━━━ Task data

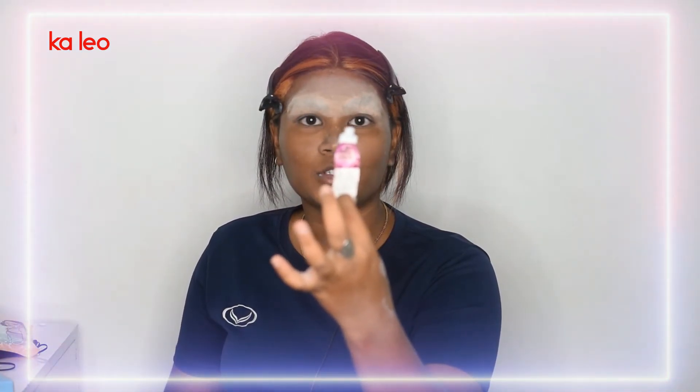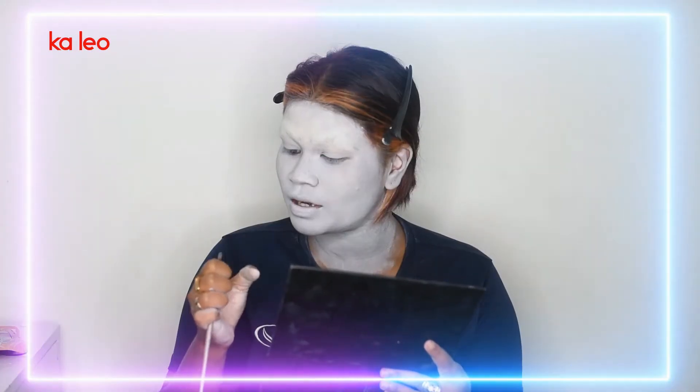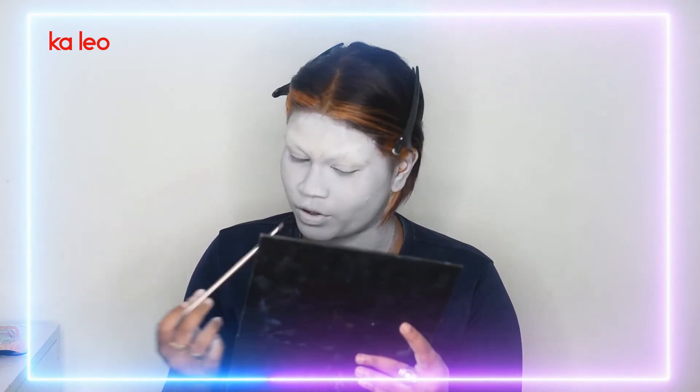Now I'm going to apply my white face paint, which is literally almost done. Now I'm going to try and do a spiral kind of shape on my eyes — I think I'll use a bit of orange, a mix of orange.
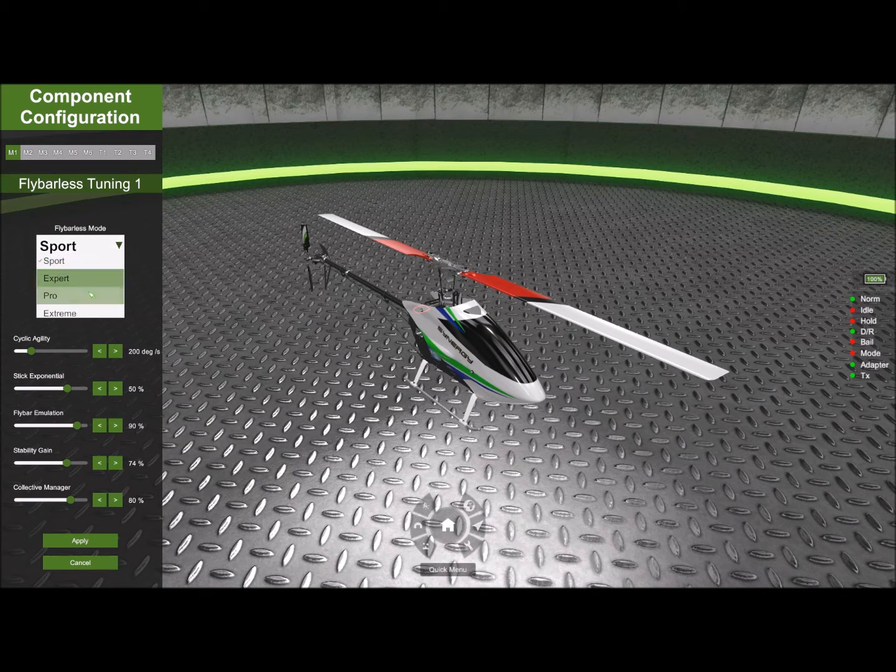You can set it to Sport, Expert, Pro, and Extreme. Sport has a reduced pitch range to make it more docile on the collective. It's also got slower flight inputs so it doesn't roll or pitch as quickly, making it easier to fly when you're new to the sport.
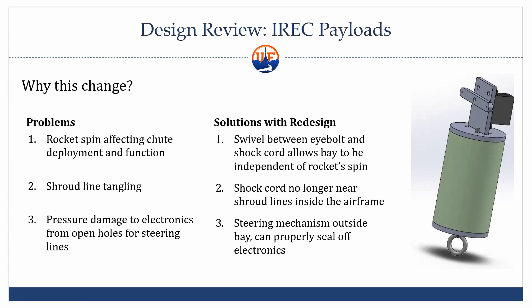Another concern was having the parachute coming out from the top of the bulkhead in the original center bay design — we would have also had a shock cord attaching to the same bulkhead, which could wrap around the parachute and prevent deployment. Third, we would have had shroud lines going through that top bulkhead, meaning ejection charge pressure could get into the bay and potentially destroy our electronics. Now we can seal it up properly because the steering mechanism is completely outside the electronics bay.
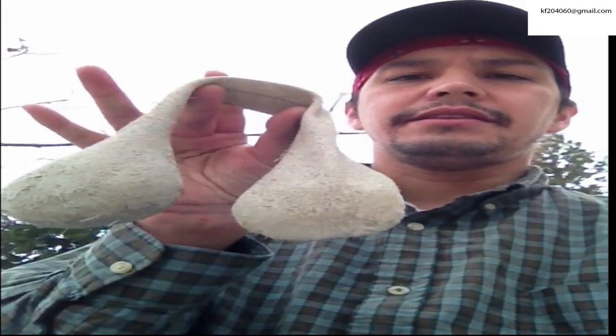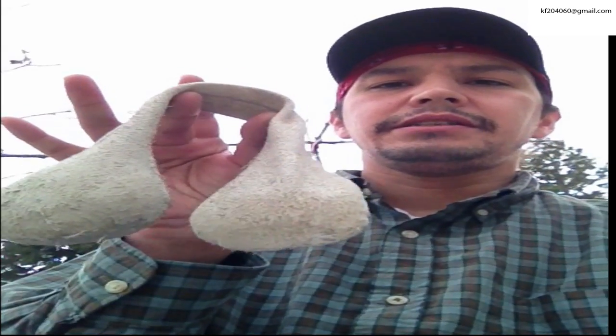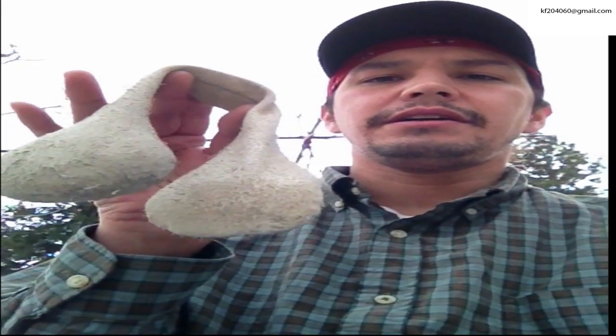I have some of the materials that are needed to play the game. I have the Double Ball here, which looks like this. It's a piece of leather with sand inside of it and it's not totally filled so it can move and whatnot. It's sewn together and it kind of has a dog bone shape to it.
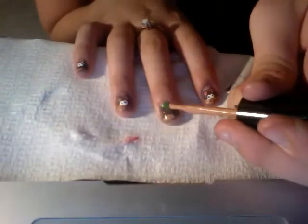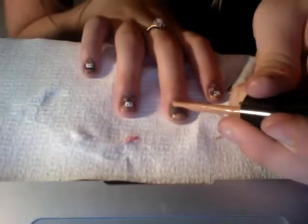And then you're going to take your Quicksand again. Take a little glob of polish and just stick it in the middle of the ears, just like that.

━━━━━━
━━━ Task data

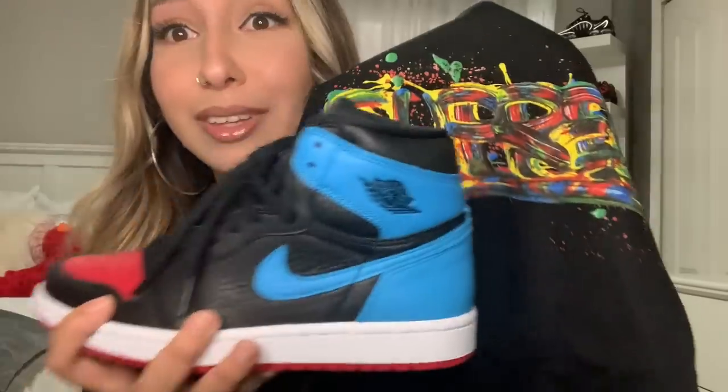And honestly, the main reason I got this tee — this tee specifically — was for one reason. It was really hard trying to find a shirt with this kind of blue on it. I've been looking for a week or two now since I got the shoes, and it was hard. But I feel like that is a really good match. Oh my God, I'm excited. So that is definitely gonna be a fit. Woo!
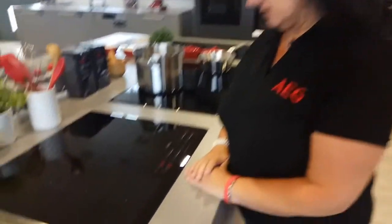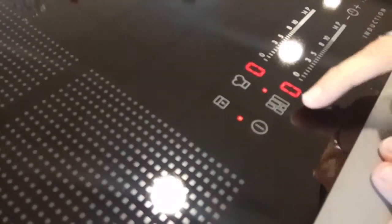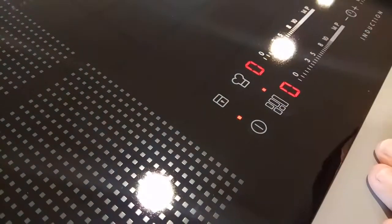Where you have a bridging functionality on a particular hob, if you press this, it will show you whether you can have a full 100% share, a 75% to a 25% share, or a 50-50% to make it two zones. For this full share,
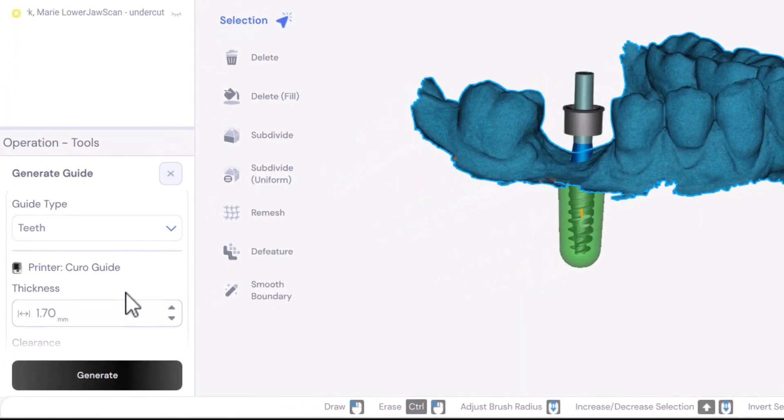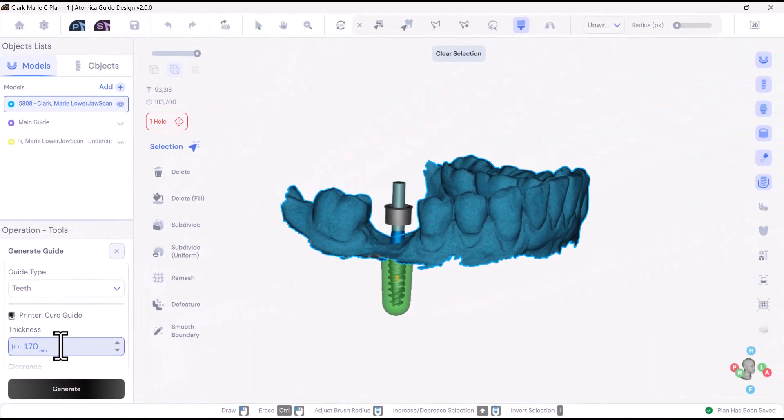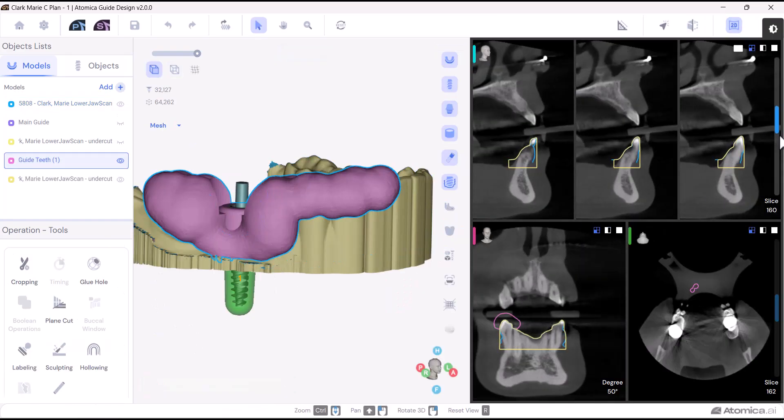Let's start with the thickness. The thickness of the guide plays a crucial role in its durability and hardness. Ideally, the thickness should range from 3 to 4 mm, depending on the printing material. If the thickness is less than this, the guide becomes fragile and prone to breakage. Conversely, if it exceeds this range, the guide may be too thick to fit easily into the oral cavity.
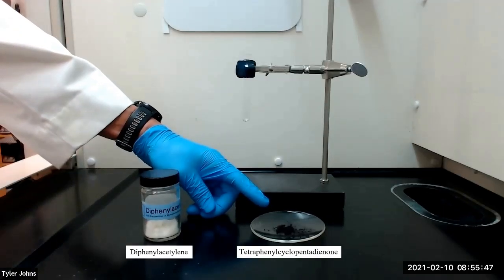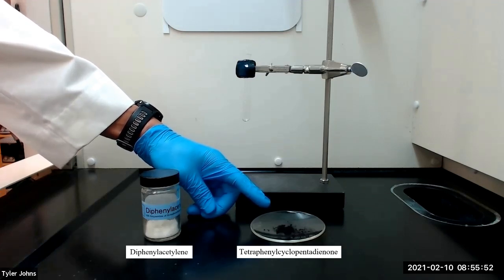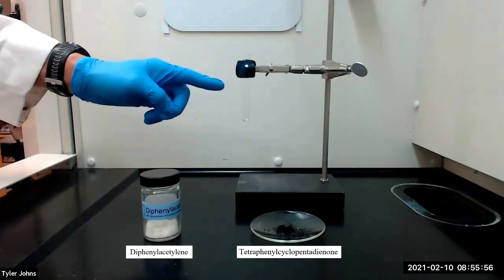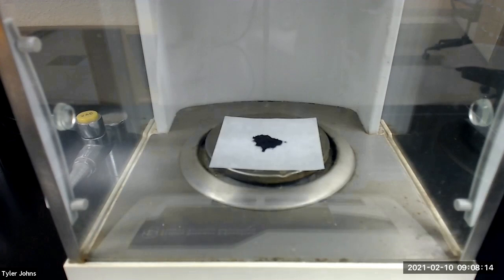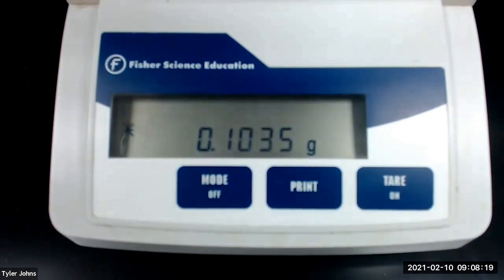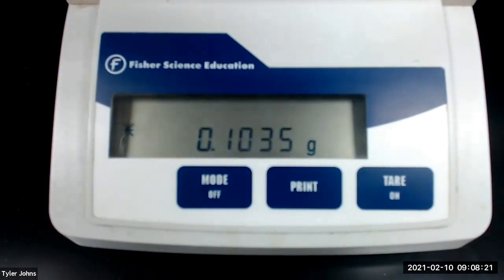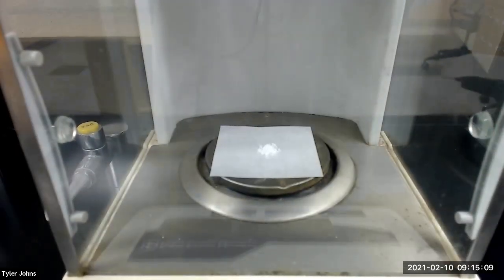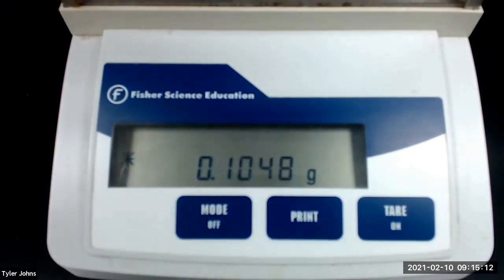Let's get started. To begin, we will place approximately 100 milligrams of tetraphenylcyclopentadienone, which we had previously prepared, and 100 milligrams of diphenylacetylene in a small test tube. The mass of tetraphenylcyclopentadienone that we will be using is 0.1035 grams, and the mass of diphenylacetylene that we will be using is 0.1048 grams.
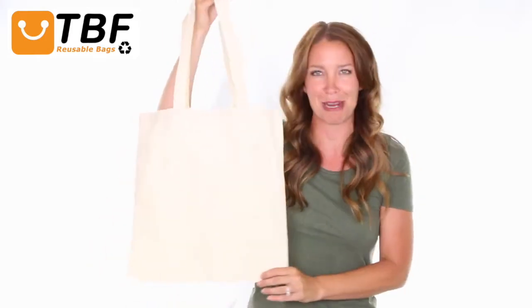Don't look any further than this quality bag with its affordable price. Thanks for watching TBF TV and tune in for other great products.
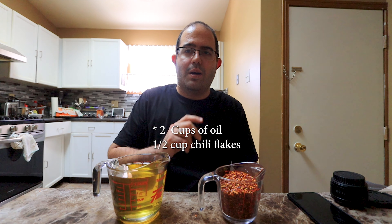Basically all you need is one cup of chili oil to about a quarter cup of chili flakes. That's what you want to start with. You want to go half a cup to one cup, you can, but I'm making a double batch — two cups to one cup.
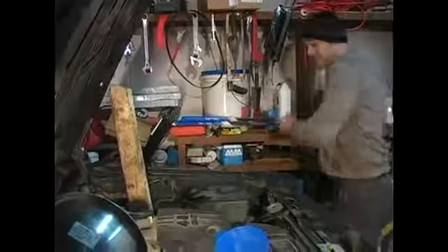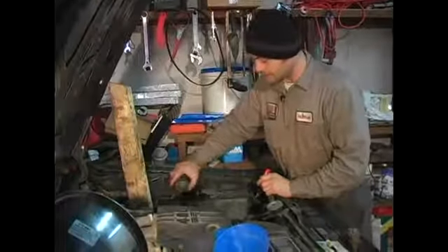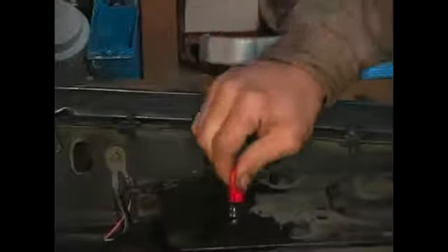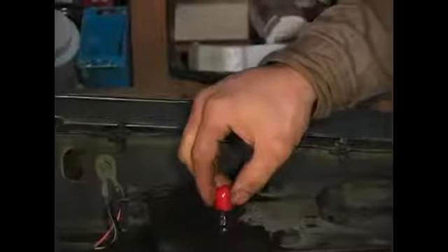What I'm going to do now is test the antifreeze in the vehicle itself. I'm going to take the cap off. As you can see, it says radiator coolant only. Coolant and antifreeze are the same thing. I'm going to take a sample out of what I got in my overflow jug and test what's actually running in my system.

━━━━━━
━━━ Task data

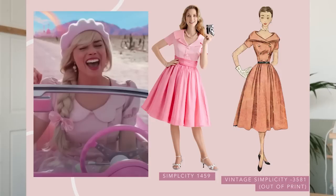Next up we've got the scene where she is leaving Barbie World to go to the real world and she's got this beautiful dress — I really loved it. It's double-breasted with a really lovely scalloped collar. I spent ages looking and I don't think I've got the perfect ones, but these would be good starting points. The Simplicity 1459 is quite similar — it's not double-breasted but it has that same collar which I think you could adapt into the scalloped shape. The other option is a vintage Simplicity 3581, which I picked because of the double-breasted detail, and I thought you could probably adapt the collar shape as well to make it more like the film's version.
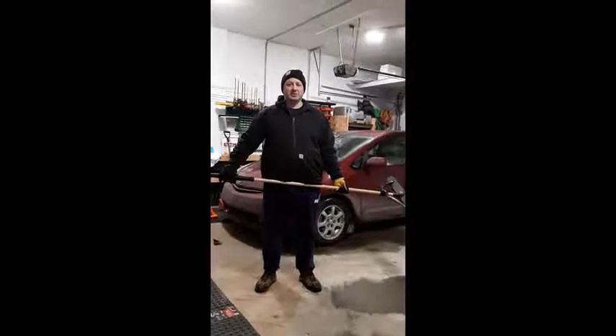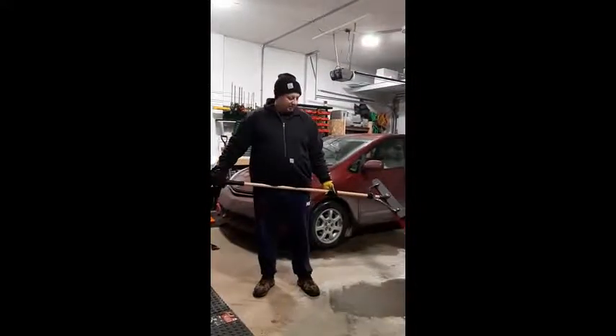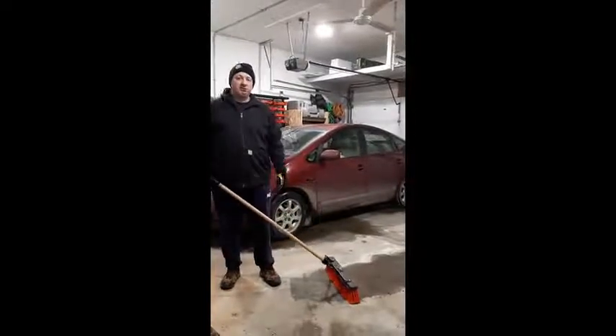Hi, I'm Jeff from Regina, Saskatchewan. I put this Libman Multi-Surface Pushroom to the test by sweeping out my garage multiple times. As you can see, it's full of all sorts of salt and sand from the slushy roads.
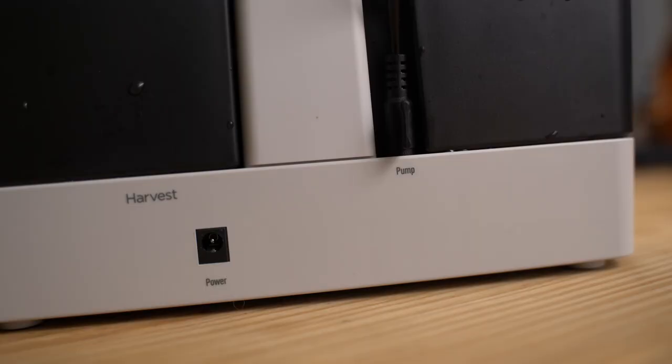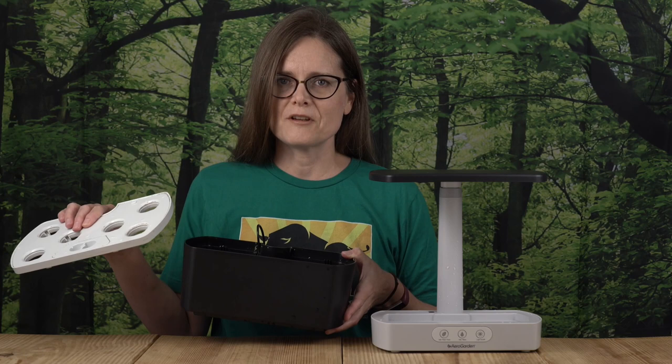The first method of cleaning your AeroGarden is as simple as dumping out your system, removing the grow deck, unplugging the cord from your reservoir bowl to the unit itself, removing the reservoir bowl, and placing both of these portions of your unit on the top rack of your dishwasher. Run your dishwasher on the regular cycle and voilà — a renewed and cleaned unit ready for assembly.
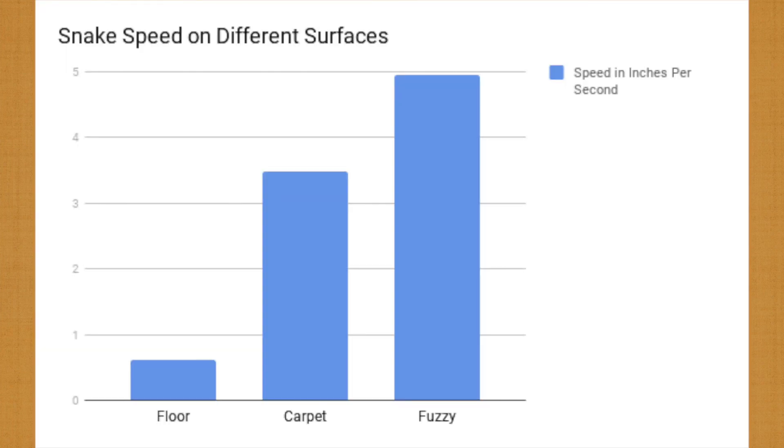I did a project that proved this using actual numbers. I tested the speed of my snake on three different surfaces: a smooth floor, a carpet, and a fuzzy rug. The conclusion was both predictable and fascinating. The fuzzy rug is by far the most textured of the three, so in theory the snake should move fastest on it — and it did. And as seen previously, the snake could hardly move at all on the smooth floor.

━━━━━━

:: Directions ::
Copy everything above from the line holding "You can set" down to the line holding "And then you're", both ends included, exactly as it stands and without the pictures.

:: Written response ::
You can set it to Sport, Expert, Pro, and Extreme. Sport has a reduced pitch range to make it more docile on the collective. It's also got slower flight inputs so it doesn't roll or pitch as quickly, making it easier to fly when you're new to the sport.
Another concern was having the parachute coming out from the top of the bulkhead in the original center bay design — we would have also had a shock cord attaching to the same bulkhead, which could wrap around the parachute and prevent deployment. Third, we would have had shroud lines going through that top bulkhead, meaning ejection charge pressure could get into the bay and potentially destroy our electronics. Now we can seal it up properly because the steering mechanism is completely outside the electronics bay.
I have some of the materials that are needed to play the game. I have the Double Ball here, which looks like this. It's a piece of leather with sand inside of it and it's not totally filled so it can move and whatnot. It's sewn together and it kind of has a dog bone shape to it.
And then you're going to take your Quicksand again. Take a little glob of polish and just stick it in the middle of the ears, just like that.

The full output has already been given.